*What you need to do:*
Each line in the records below, from the one that contains "دکتر جبارعلی ذاکری" to the one that contains "Xiaomi Redmi Note 9T", should be reproduced exactly, the first and last included.

(Collected data)
== Segment start ==

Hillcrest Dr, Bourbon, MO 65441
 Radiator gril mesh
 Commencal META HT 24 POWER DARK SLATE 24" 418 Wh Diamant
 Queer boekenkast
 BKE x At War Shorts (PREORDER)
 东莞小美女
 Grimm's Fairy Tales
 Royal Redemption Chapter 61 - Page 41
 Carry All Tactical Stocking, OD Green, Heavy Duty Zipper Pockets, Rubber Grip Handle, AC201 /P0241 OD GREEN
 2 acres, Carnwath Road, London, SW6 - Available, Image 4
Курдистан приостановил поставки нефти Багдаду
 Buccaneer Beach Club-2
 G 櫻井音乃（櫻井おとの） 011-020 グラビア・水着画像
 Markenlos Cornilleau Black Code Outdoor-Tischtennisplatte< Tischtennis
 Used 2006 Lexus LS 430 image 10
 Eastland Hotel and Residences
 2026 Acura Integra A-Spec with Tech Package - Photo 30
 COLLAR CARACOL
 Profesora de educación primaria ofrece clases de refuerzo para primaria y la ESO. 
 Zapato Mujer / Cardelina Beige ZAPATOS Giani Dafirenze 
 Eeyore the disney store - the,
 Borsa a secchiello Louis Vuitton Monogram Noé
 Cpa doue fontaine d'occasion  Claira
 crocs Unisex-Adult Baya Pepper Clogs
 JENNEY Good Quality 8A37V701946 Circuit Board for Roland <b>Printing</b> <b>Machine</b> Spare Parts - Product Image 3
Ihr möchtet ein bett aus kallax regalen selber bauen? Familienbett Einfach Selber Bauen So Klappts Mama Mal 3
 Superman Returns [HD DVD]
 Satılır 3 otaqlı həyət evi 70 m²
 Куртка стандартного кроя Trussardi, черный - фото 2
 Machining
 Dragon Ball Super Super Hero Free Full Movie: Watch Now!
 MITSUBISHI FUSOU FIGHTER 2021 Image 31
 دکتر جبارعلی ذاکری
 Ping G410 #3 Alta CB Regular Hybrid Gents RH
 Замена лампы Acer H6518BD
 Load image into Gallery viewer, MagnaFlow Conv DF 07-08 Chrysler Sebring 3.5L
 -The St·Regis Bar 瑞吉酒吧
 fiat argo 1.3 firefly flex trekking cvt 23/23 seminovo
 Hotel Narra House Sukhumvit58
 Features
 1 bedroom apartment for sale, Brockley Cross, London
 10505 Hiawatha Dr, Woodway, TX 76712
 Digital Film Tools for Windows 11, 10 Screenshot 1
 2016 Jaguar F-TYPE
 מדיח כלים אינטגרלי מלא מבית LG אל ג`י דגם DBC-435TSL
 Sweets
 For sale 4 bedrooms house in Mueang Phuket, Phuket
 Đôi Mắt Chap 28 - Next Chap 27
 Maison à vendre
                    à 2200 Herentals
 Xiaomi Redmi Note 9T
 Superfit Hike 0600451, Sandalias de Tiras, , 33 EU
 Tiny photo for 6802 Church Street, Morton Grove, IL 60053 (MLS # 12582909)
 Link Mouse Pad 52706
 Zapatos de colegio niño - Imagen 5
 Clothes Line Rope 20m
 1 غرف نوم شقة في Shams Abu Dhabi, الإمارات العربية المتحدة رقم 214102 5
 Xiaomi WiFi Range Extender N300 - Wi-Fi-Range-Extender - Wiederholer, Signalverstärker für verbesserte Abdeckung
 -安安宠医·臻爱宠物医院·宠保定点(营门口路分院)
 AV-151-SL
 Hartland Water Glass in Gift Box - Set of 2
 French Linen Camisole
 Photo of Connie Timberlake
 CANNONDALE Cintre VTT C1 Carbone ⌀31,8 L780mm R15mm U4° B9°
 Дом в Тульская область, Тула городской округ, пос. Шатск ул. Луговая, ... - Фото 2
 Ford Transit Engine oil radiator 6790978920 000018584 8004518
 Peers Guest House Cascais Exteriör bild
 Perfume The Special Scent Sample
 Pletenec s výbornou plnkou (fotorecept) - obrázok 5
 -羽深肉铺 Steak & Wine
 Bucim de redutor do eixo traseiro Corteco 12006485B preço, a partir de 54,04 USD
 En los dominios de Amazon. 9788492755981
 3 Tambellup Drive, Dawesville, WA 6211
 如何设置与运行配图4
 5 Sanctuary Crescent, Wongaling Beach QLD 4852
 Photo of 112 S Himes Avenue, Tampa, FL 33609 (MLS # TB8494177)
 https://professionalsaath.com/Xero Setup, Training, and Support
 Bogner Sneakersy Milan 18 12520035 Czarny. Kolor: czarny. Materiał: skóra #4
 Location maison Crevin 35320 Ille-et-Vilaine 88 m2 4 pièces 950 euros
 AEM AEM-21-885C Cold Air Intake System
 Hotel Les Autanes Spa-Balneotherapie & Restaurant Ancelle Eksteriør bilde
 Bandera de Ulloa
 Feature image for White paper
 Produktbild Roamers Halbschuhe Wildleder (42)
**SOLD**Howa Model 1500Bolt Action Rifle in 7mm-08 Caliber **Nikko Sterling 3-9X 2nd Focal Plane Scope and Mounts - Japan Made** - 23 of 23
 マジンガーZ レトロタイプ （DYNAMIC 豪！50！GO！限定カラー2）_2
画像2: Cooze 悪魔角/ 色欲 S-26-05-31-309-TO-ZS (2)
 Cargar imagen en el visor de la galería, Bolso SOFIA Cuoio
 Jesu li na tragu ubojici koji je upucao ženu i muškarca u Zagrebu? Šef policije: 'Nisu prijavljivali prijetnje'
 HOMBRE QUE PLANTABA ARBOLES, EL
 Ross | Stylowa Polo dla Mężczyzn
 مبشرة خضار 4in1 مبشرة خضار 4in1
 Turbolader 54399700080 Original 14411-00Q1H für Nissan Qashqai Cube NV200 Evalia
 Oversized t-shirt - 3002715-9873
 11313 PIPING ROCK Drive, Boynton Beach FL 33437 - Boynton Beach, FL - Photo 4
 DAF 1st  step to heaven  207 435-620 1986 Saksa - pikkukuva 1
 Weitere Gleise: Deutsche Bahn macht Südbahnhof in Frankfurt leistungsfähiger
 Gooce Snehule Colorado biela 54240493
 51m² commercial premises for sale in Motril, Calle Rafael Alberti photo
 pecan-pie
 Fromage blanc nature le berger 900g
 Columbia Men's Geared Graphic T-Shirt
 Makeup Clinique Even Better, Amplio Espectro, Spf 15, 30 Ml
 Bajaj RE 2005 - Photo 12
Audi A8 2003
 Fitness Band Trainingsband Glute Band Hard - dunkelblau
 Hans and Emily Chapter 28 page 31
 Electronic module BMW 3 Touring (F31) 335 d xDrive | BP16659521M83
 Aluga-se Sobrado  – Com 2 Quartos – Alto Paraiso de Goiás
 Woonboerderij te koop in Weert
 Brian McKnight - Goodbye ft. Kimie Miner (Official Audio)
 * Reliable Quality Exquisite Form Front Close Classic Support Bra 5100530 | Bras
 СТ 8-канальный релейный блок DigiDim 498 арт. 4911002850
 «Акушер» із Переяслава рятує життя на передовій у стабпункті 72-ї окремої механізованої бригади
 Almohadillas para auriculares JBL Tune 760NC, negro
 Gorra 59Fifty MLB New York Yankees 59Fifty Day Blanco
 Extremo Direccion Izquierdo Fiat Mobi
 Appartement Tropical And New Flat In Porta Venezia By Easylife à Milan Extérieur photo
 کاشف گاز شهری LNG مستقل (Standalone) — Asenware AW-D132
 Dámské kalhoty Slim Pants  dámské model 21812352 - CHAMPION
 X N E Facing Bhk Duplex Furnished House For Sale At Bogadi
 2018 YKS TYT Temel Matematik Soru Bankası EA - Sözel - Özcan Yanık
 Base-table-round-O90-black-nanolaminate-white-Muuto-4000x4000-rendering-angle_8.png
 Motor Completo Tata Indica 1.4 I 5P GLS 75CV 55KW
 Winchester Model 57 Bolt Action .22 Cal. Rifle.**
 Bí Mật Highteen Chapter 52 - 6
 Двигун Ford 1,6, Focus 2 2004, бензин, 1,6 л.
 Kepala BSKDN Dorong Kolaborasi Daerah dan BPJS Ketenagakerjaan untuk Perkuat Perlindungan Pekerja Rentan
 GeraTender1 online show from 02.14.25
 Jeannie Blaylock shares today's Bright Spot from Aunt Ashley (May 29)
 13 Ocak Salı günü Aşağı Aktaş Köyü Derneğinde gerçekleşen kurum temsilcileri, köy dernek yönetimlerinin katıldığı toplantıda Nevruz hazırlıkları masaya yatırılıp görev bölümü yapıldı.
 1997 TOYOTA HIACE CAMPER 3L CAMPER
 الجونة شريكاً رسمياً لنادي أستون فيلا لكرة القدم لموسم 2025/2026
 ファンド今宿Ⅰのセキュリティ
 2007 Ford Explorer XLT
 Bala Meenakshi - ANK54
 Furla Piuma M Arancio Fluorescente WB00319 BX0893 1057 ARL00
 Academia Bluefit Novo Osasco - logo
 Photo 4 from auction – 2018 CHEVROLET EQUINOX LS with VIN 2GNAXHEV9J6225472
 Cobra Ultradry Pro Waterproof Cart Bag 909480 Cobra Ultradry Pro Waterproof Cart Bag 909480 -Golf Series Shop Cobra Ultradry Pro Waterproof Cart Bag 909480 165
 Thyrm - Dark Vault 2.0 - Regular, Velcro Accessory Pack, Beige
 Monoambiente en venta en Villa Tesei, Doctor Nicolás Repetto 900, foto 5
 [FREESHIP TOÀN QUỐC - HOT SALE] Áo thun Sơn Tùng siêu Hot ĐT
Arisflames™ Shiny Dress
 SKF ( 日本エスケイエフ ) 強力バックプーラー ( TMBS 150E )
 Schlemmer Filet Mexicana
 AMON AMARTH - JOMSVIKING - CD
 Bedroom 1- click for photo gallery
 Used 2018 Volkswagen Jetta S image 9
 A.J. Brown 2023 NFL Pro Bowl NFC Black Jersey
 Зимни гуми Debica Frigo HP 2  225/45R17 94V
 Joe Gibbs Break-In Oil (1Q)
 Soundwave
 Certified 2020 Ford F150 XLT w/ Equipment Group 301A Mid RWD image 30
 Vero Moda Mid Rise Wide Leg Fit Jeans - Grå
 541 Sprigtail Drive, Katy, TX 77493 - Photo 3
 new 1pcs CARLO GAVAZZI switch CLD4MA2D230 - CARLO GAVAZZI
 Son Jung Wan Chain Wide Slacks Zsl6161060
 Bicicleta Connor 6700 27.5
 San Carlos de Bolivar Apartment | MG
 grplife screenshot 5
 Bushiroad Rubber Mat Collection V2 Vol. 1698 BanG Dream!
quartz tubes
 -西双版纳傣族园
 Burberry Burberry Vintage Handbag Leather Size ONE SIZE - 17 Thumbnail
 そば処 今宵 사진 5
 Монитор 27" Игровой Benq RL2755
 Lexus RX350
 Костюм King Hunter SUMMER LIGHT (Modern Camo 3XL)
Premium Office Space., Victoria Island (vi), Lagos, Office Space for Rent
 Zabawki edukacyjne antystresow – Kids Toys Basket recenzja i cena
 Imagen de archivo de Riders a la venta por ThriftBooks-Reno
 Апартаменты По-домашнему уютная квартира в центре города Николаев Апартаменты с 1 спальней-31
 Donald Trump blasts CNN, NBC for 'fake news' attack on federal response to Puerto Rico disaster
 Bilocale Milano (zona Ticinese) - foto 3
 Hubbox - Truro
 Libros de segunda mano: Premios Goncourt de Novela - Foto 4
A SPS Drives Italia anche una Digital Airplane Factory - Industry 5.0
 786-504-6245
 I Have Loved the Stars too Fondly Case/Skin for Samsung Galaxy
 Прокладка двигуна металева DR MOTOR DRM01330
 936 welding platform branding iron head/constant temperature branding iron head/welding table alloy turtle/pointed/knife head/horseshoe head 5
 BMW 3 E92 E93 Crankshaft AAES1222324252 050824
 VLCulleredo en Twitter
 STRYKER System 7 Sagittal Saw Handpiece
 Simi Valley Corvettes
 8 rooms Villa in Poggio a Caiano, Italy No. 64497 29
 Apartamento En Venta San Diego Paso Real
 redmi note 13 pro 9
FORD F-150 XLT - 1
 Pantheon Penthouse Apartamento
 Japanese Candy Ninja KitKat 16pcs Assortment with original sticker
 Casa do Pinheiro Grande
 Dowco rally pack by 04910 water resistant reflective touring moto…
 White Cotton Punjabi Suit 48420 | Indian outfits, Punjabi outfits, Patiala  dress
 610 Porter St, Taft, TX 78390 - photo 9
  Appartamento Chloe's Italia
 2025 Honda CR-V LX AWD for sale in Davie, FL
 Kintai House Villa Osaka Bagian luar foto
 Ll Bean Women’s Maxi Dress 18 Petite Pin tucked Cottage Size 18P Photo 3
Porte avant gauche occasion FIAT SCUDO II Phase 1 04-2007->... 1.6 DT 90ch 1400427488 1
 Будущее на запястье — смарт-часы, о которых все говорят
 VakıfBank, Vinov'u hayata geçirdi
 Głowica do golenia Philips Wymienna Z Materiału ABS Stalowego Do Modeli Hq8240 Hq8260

== Segment end ==

*Output of the exercise:*
 دکتر جبارعلی ذاکری
 Ping G410 #3 Alta CB Regular Hybrid Gents RH
 Замена лампы Acer H6518BD
 Load image into Gallery viewer, MagnaFlow Conv DF 07-08 Chrysler Sebring 3.5L
 -The St·Regis Bar 瑞吉酒吧
 fiat argo 1.3 firefly flex trekking cvt 23/23 seminovo
 Hotel Narra House Sukhumvit58
 Features
 1 bedroom apartment for sale, Brockley Cross, London
 10505 Hiawatha Dr, Woodway, TX 76712
 Digital Film Tools for Windows 11, 10 Screenshot 1
 2016 Jaguar F-TYPE
 מדיח כלים אינטגרלי מלא מבית LG אל ג`י דגם DBC-435TSL
 Sweets
 For sale 4 bedrooms house in Mueang Phuket, Phuket
 Đôi Mắt Chap 28 - Next Chap 27
 Maison à vendre
                    à 2200 Herentals
 Xiaomi Redmi Note 9T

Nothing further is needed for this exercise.